Variações | No dia: -0,38% | Na semana: -0,38% | No mês: -2,20% | No ano: -2,20% | Em 12 meses: +22,62% |
Sem tarifas, por enquanto Em dia de liquidez reduzida por conta do feriado de Martin Luther King nos EUA, a taxa de câmbio do real apresentou tendência de baixa ao longo da sessão desta segunda-feira, em linha com o movimento externo de recuo da moeda americana. Esse movimento se estabeleceu desde o início do dia, após reportagens dos jornais Wall Street Journal e Bloomberg afirmarem que Donald Trump, que retornou à presidência dos EUA hoje, não anunciaria nenhum imposto de importação hoje. Trump deve assinar diversas medidas executivas ainda em seu primeiro dia de governo, mas a perspectiva de que nenhuma medida tarifária seria implantada no primeiro dia de governo levou a uma reversão dos ganhos recentes do dólar, que se fundamentaram em partes na expectativa de uma “guerra comercial” entre os EUA e seus principais parceiros comerciais.

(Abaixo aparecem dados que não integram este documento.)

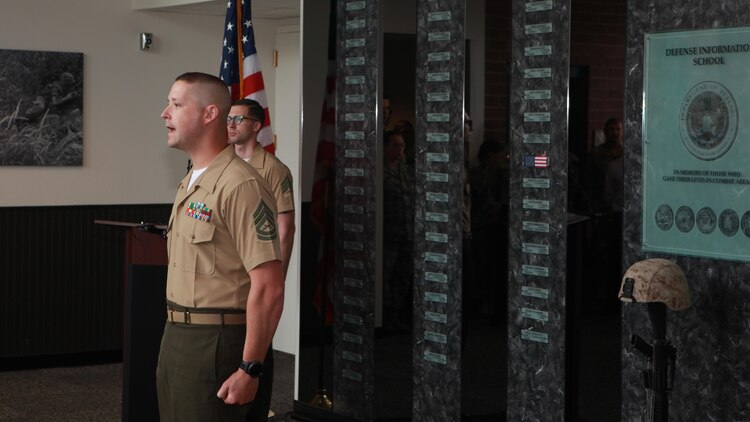 Gunnery Sgt. Chance Haworth, the Marine Detachment senior enlisted advisor at the Defense Information School at Fort George G. Meade, Md, gives final roll call July 27, 2015. Corporal Sara Medina and Lance Cpl. Jacob Hug had their names mounted to the Hall of Heroes display at DINFOS honoring their service after losing their lives in a helicopter crash during relief efforts in Nepal.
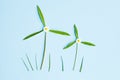 Two windmills made of fresh green leaves Royalty Free Stock Photo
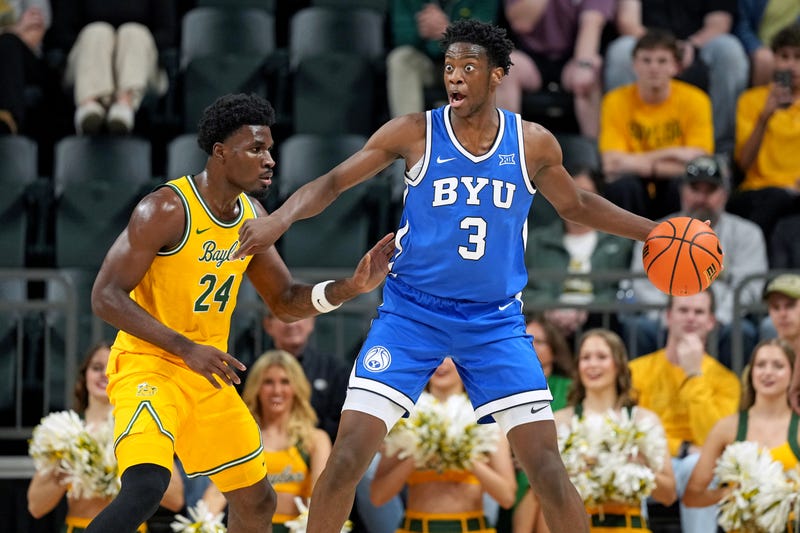AJ Dybantsa #3 the BYU Cougars signals to teammates as he is defended by Tounde Yessoufou #24 of the Baylor Bears during the first half at Foster Pavilion on February 10, 2026 in Waco, Texas.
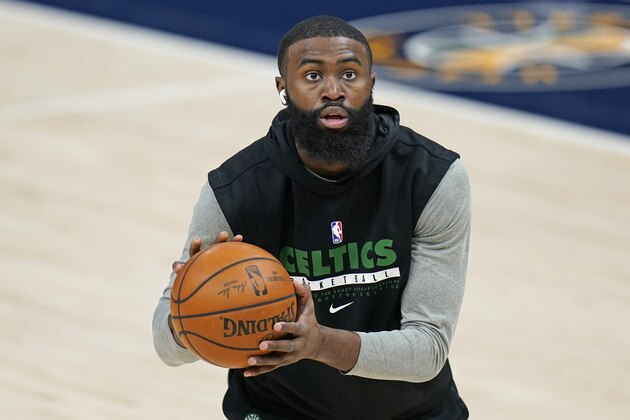 Boston Celtics Jaylen Brown warms up before their NBA basketball game against the Utah Jazz Tuesday, Feb. 9, 2021, in Salt Lake City. (AP Photo/Rick Bowmer)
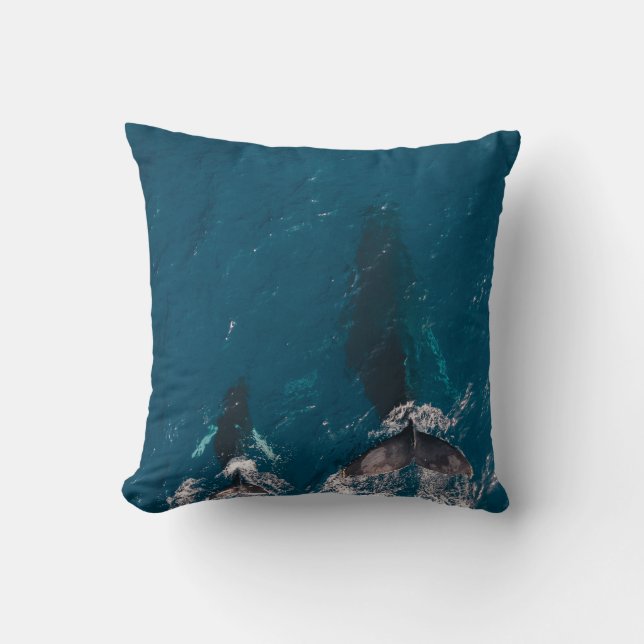 TWO BLACK WHALES SWIMMING IN BODY OF WATER CUSHION (Front)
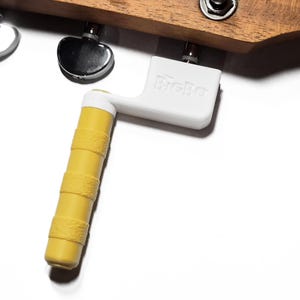 May include: A white plastic guitar string winder with a yellow textured handle and the embossed text BigBo, attached to the wooden headstock of a stringed instrument with visible chrome tuning pegs and a metal nut.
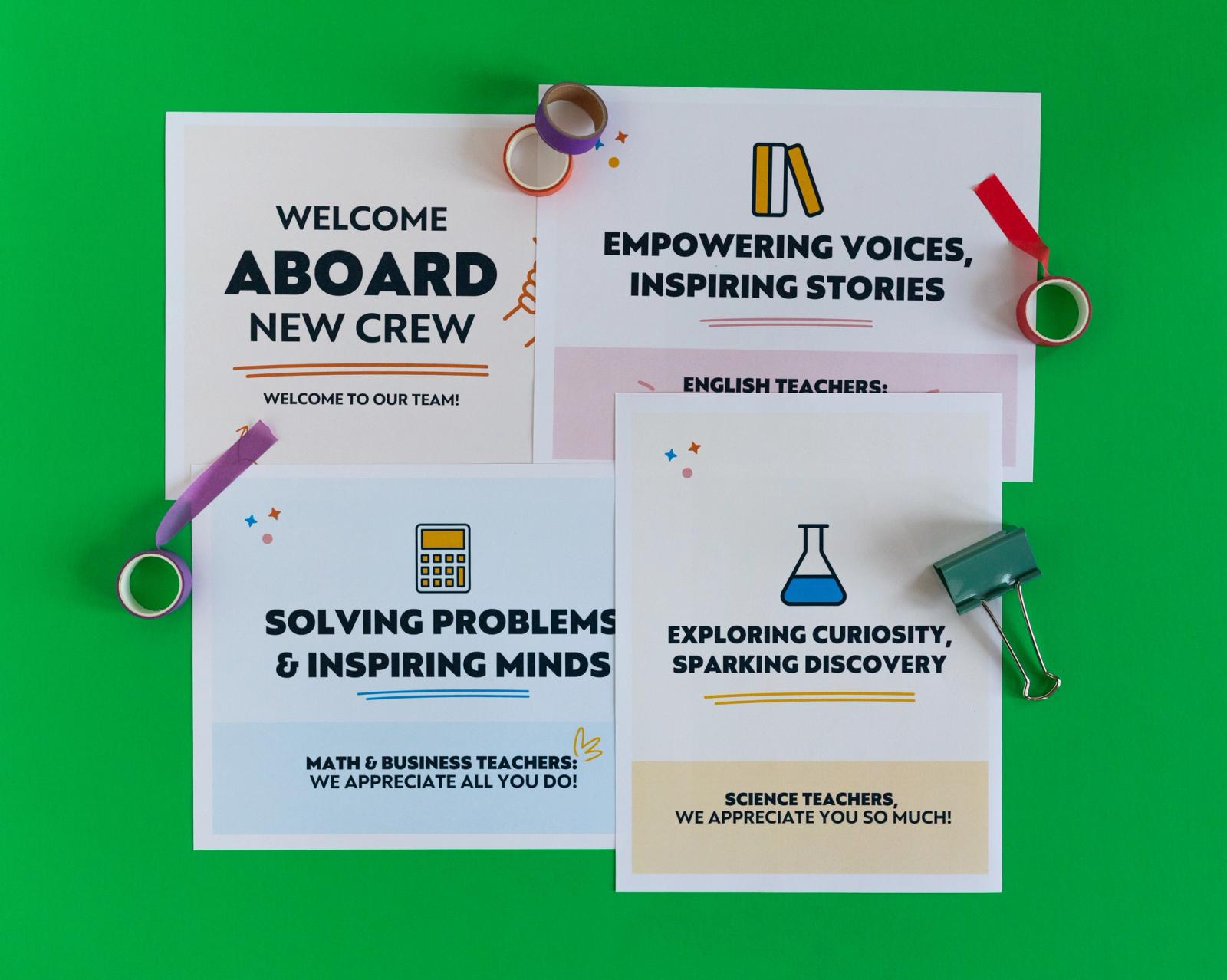 Four posters lay on a green background surrounded by rolls of tape and paper clips.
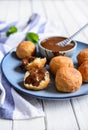 Bunuelos - traditional Colombian deep fried pastry with chocolate sauce Royalty Free Stock Photo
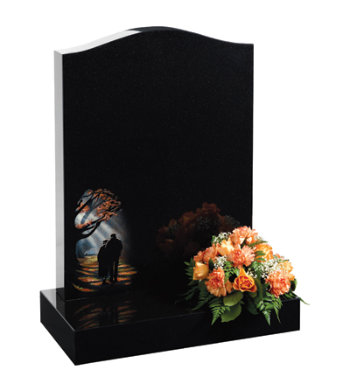 Black granite headstone with ogee top with decorative autumnal design.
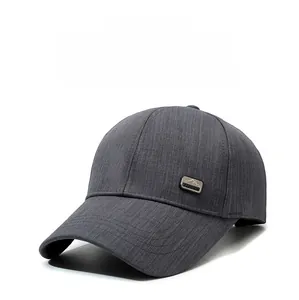 Detail of dark grey baseball cap with textured fabric and mountain logo badge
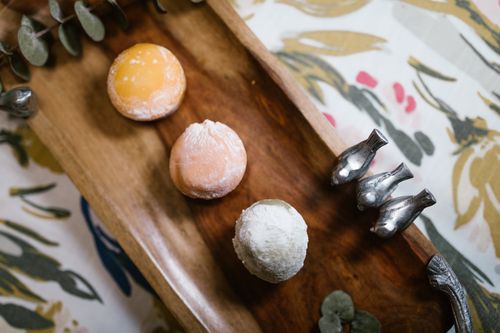 Free A vibrant assortment of mochi desserts elegantly presented on a wooden tray, perfect for food photography and culinary visuals. Stock Photo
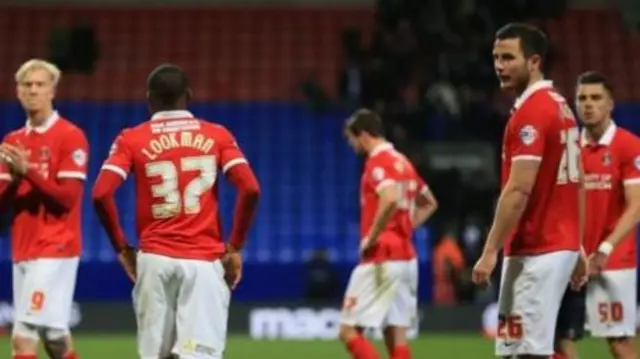 Charlton Athletic players look dejected following relegation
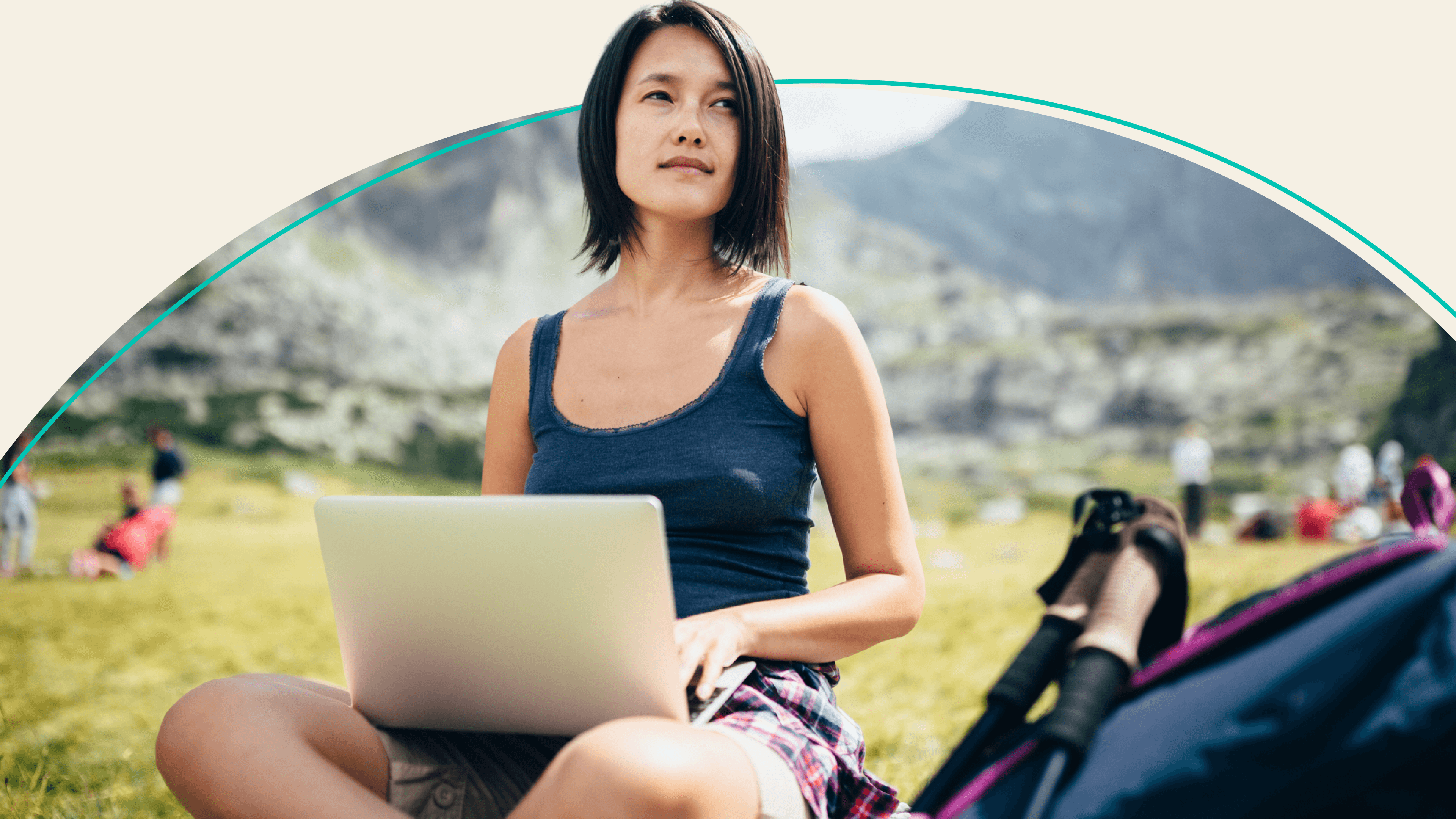 A woman holding a laptop while working outside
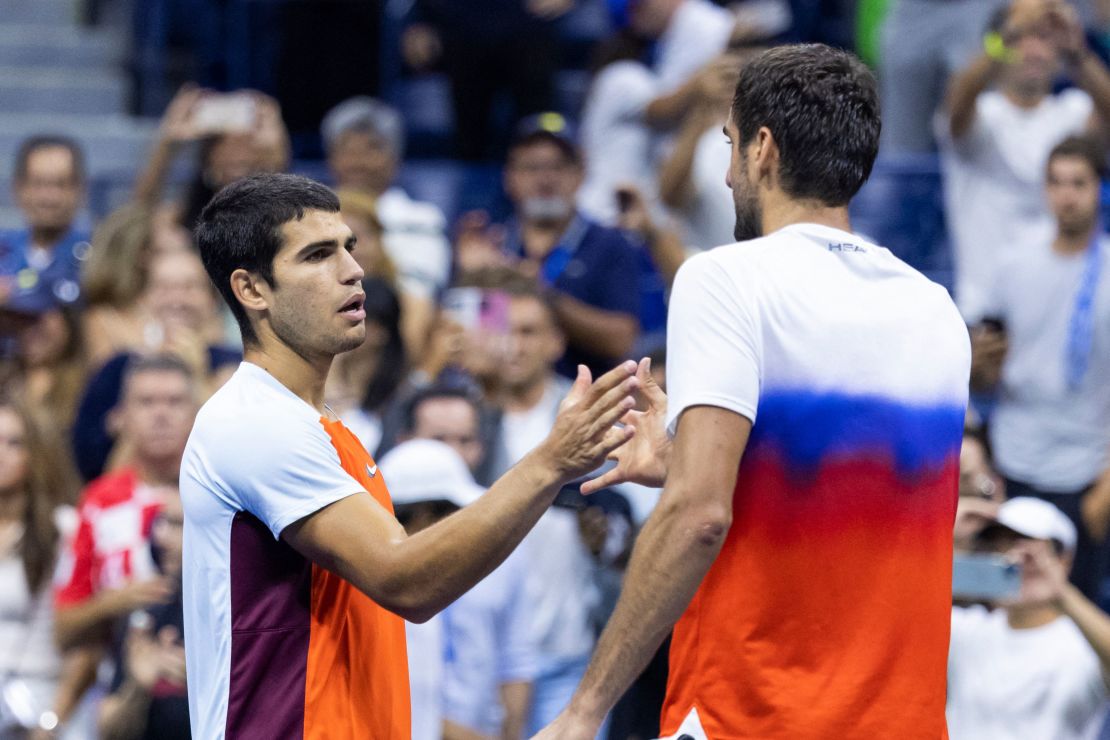 Alcaraz (left) and Cilic (right) shake hands after Tuesday's US Open match.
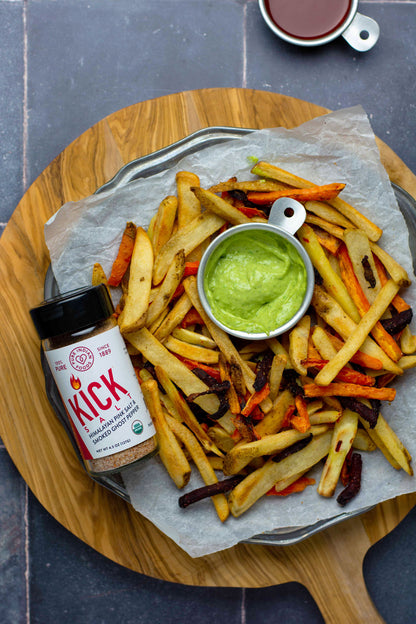 A birds eye view of a tray of homemade fries next to a jar of KICK Salt, the organic ghost pepper salt from Pure Indian Foods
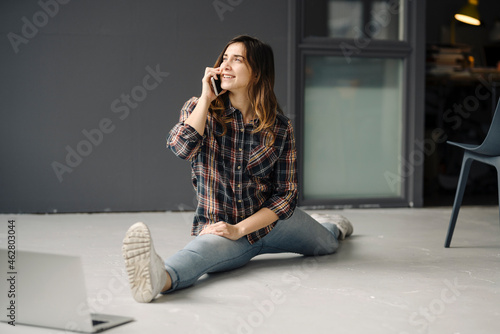 Smiling freelancer on the phone doing the splits on floor of a loft looking at distance photo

Intervenção do BC Contribuiu para o fortalecimento do real, também, a realização de dois leilões de linha pelo Banco Central (BC) durante a manhã, que ofertou um total de US$ 2 bilhões em operações de venda com compromisso de recompra (isto é, a realização de leilões simultâneos de venda de dólares à vista com leilões de compra futura de dólares), um com prazo de recompra em 04 de novembro de 2025 e outro em 02 de dezembro de 2025. Esta é a primeira intervenção da autarquia em 2025, que sempre afirma que só atua no mercado de divisas quando há fala de liquidez em alguma das pontas das negociações, e não procura se orientar pelo valor da taxa de câmbio.